The current south asian floods due to heavy rainfall and Texas flood due to hurricane Harvey has had a devastating affect on many people's lives. Some point to climate change, some disagree. I saw a you-tube video that says the tipping point has passed, true or not, weather extremities seems to be on the rise. I haven't looked at much of the datasets myself, but removing speckle noise, a form of multiplicative noise from radar imageries, will likely be of value in understanding these events.

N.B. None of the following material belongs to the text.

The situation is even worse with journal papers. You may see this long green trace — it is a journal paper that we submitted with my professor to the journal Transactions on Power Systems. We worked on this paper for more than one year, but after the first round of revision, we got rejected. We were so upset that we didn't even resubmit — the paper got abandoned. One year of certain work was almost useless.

Google Earth Engine combined with ESA's Sentinel missions is an incredibly useful utility to monitor environmental phenomenons. Unaffected by clouds, sentinel-1 radar imageries, in the form of GRD product, are suitable for analyzing water bodies and flood extents, specifically given that water falls into the lower end of the backscattering coefficient, and in sharp contrast to the surrounding.
Though Google earth engine has the basic API for dealing with filtering, reducing, analyzing and visualizing petabytes of raster and vector datasets, I could not find any built-in speckle noise removal routines, which is essential when dealing with any radar imageries. So I have implemented a simple algorithm from the paper "Enhanced Directional Smoothing Algorithm for Edge-Preserving Smoothing of Synthetic-Aperture Radar Images", in JavaScript using earth engine API. The loop in the EDS Algorithm in the paper, was implemented by convolving the image with directional kernels, and earth engine reducers to pick pixels with minimum values. All code runs on earth engine server, i.e no client side object. Mean squared difference as a measure for speckle reduction, as suggested in the paper, is significantly better with EDA as compared to plane smoothing.
In future I will probably generalize the code to use other kernel size, now it uses 3x3. And the kernel weights appropriations could be improved perhaps. The floods are happening so i thought i should release this in-case someone finds it useful and optimize later :-). If you have an earth engine account, you could test the implementation on their code-editor, the default area is a subset of Texas, and the image filtered on recent sentinel-1 acquisition.
Reference:
Mastriani, Mario, and Alberto E. Giraldez. "Enhanced directional smoothing algorithm for edge-preserving smoothing of synthetic-aperture radar images." arXiv preprint arXiv:1608.01993 (2016).